Possible use_mm() mis-uses

Wed Aug 22 19:37:29 UTC 2018

On Wed, Aug 22, 2018 at 7:44 PM Linus Torvalds
<torvalds at linux-foundation.org> wrote:
> One of the complex ones is the amdgpu driver. It does a
> "use_mm(mmptr)" deep deep in the guts of a macro that ends up being
> used in fa few places, and it's very hard to tell if it's right.
>
> It looks almost certainly buggy (there is no mmget/mmput to get the
> refcount), but there _is_ a "release" mmu_notifier function and that
> one - unlike the kvm case - looks like it might actually be trying to
> flush the existing pending users of that mm.
>
> But on the whole, I'm suspicious of the amdgpu use.

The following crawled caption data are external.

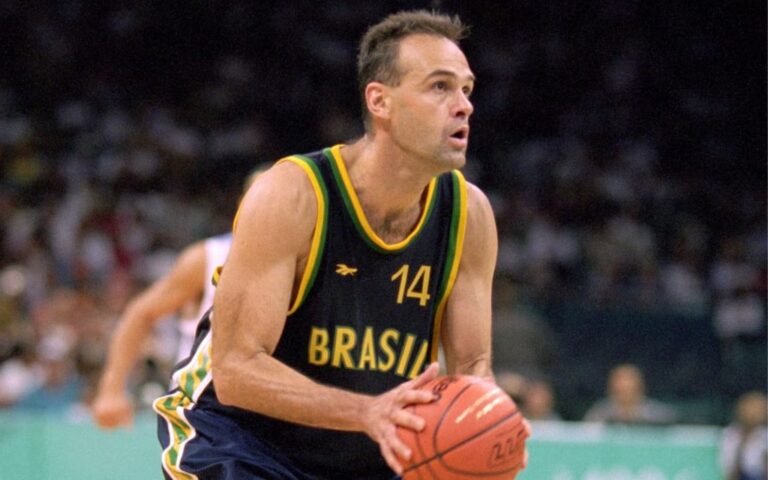 Morre Oscar Schmidt, lenda do basquete brasileiro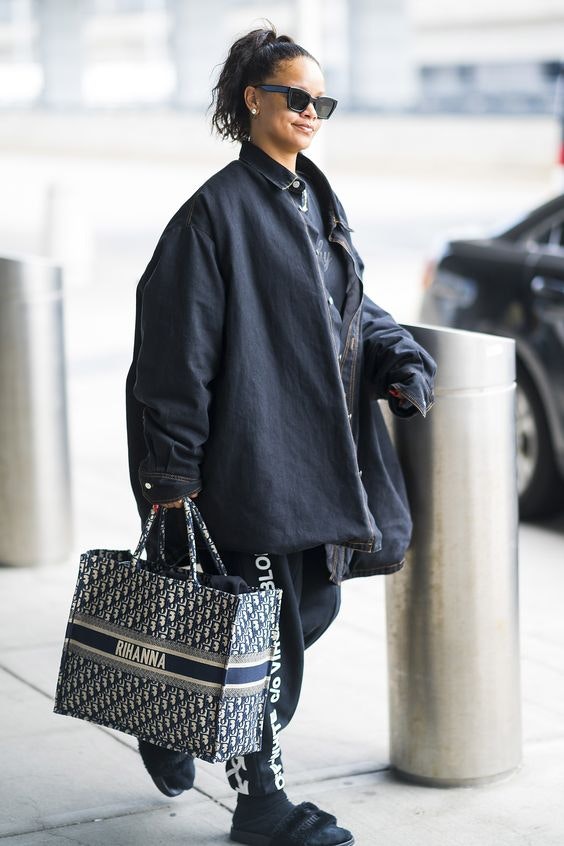 Dior custom name best sale bag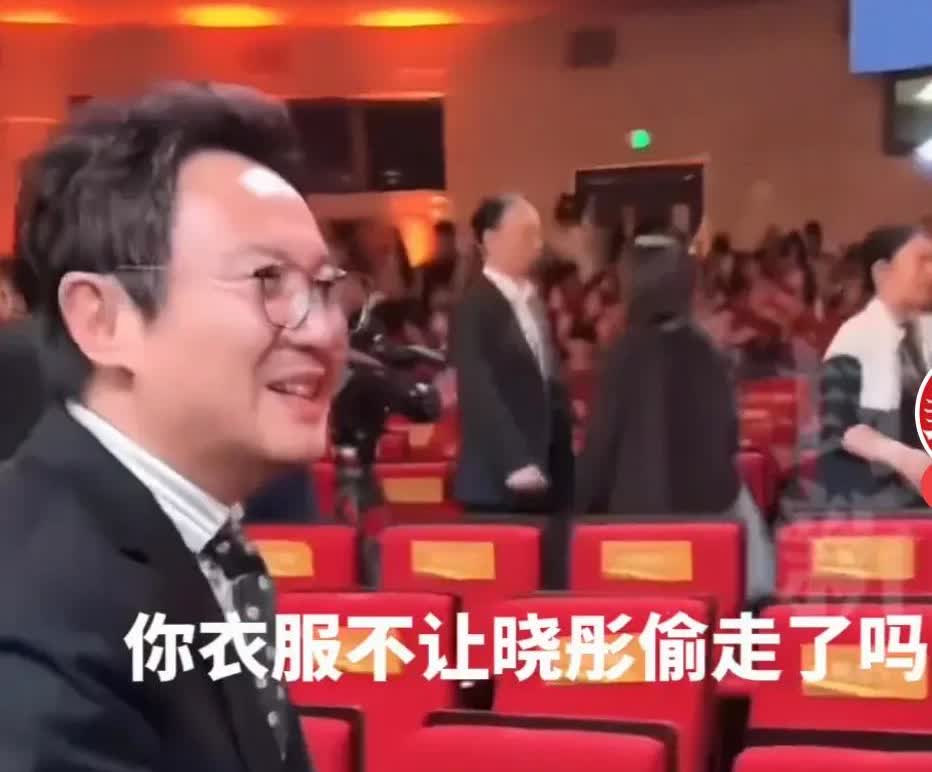沈腾是真糊涂啊为什么要在公开场合开这样的玩笑呢！关晓彤华表奖造型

It smells. Jann
> Horn pointed out that even if it migth be ok due to the mmu_notifier,
> the comments are garbage:
>
> >  Where "process" in the uniquely-named "struct queue" is a "struct
> >  kfd_process"; that struct's definition has this comment in it:
> >
> >        /*
> >         * Opaque pointer to mm_struct. We don't hold a reference to
> >         * it so it should never be dereferenced from here. This is
> >         * only used for looking up processes by their mm.
> >         */
> >        void *mm;
> >
> >  So I think either that comment is wrong, or their code is wrong?
>
> so I'm chalking the amdgpu use up in the "broken" column.
>
Hello Linus,

I looked at the amdkfd code and indeed the comment does not match the
actual code because the mm pointer is clearly dereferenced directly in
the macro you mentioned (read_user_wptr). That macro is used in the
code path of loading a descriptor to the H/W (load_hqd). That function
is called in several cases, where in some of them we are in the
context of the calling process, but in others we are in a kernel
thread context (hence the use_mm). That's why we check these two
situations inside that macro and only do use_mm if we are in kernel
thread.

We need to fix that behavior and obviously make sure that in future
code we don't cast this pointer to mm_struct* and derereference it
directly.
Actually, the original code had "mm_struct *mm" instead of "void *mm"
in the structure, and I think the reason we changed it to void* is to
"make sure" that we won't dereference it directly, but clearly that
failed :(

Having said that, I think we *are* protected by the mmu_notifier
release because if the process suddenly dies, we will gracefully clean
the process's data in our driver and on the H/W before returning to
the mm core code. And before we return to the mm core code, we set the
mm pointer to NULL. And the graceful cleaning should be serialized
with the load_hqd uses.

Felix, do you have anything to add here that I might have missed ?

Thanks,
Oded